> [EXERCISE DESCRIPTION]: Return each record unchanged and drop the images.

Short text fragments from websites:
=== Begin Enclosure ===

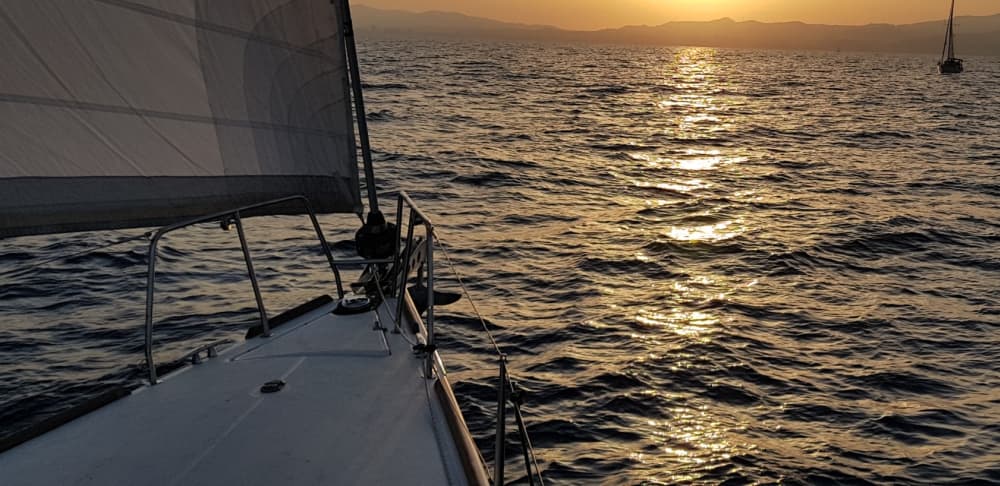 Scopri Badalona con un'escursione in barca a vela di un'intera giornata.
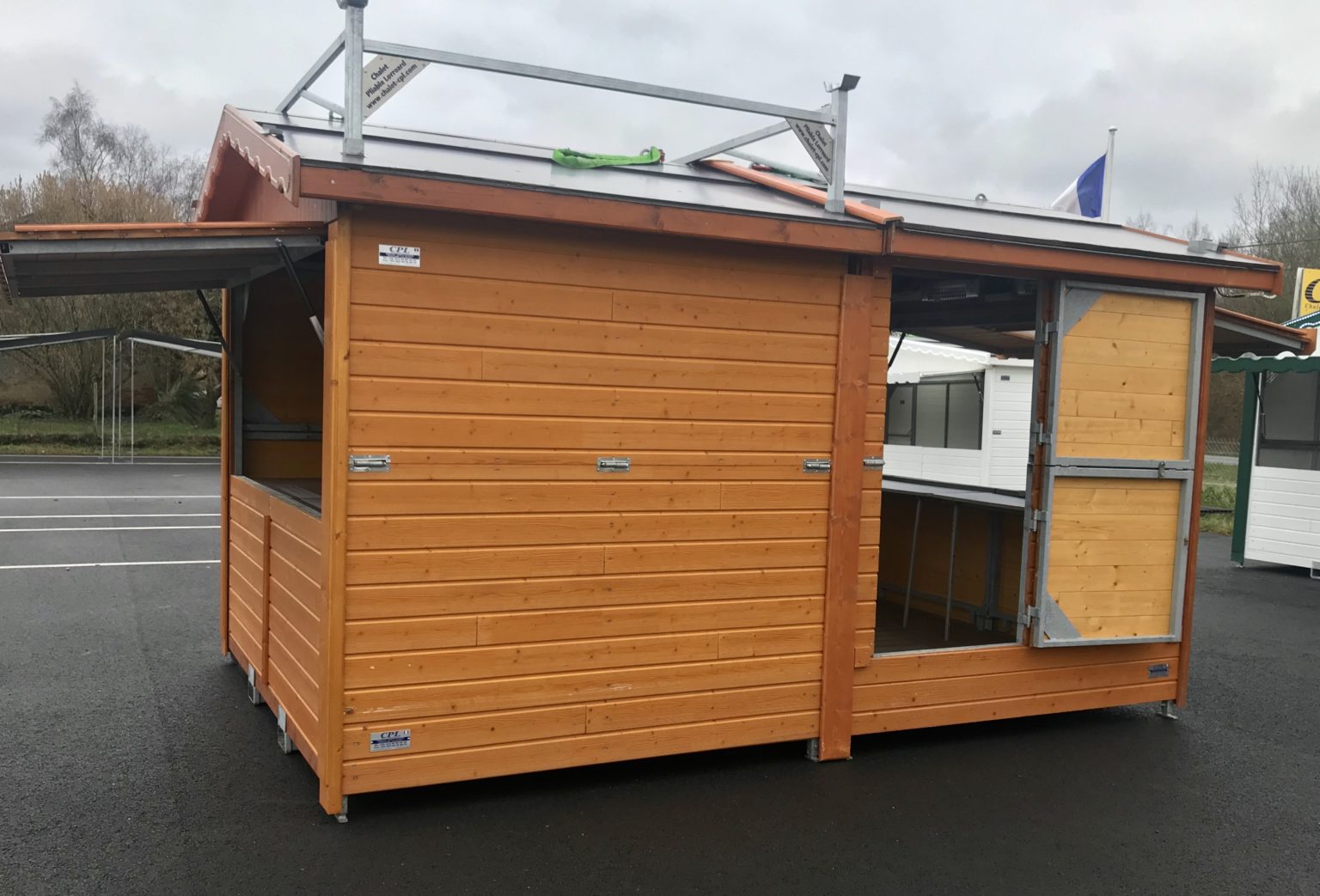 Chalet en bois pliable jumelé - épicéa du Nord 21mm, raccordements fournis, armature en acier galvanisé_1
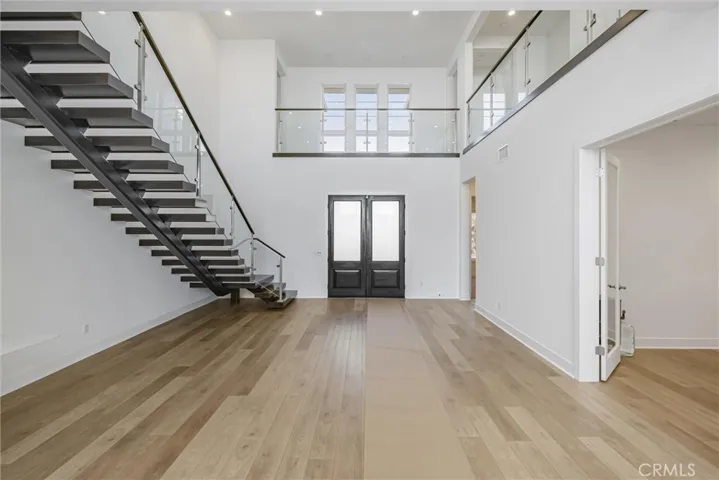 20422 W Willoughby Lane, Porter Ranch, California 91326
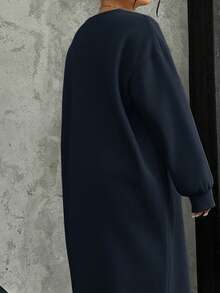 SHEIN EZwear 大码宽松休闲长款抓绒卫衣连衣裙，适合秋冬季节、圣诞节、新年、感恩节、派对、婚礼、海滩、毕业典礼等场合，时尚优雅，休闲百搭，适合外出、约会、预约、通勤等各种场合。宽松长袖连衣裙 - 藏蓝色 - 查看 7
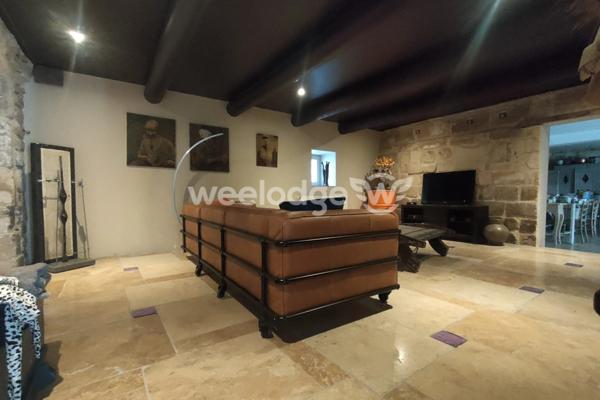 Maison à vendre 7 pièces de 354 m² à Saint-Rémy-de-Provence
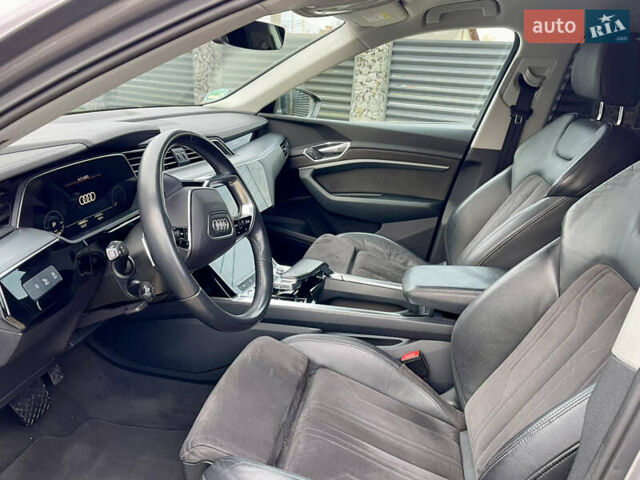 Серый Ауди E-Tron, объемом двигателя 0 л и пробегом 160 тыс. км за 23400 $, фото 5 на Automoto.ua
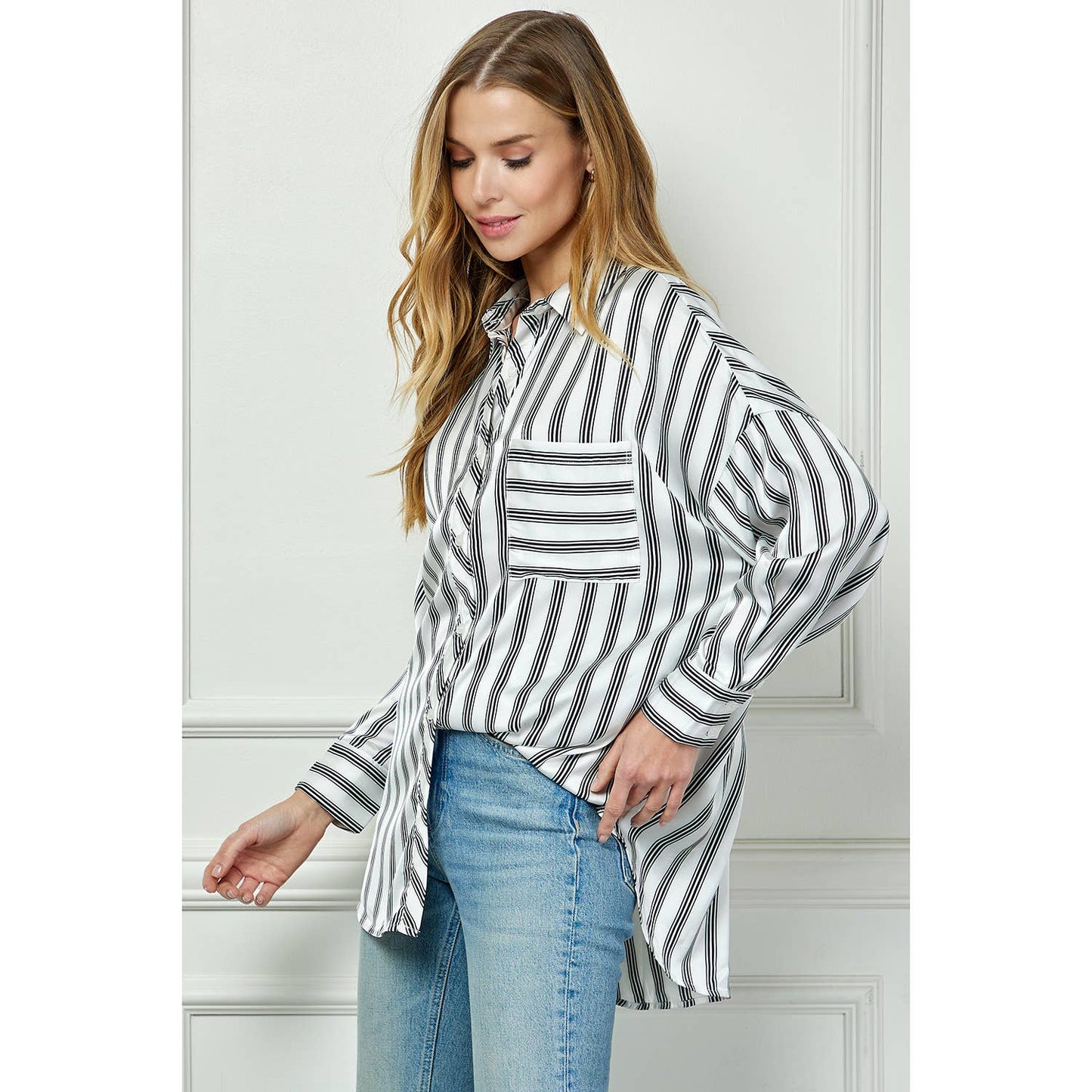 LUXE SATIN BOYFRIEND SHIRT: BLKIV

=== End Enclosure ===

> [ANSWER]:
 Scopri Badalona con un'escursione in barca a vela di un'intera giornata.
 Chalet en bois pliable jumelé - épicéa du Nord 21mm, raccordements fournis, armature en acier galvanisé_1
 20422 W Willoughby Lane, Porter Ranch, California 91326
 SHEIN EZwear 大码宽松休闲长款抓绒卫衣连衣裙，适合秋冬季节、圣诞节、新年、感恩节、派对、婚礼、海滩、毕业典礼等场合，时尚优雅，休闲百搭，适合外出、约会、预约、通勤等各种场合。宽松长袖连衣裙 - 藏蓝色 - 查看 7
 Maison à vendre 7 pièces de 354 m² à Saint-Rémy-de-Provence
 Серый Ауди E-Tron, объемом двигателя 0 л и пробегом 160 тыс. км за 23400 $, фото 5 на Automoto.ua
 LUXE SATIN BOYFRIEND SHIRT: BLKIV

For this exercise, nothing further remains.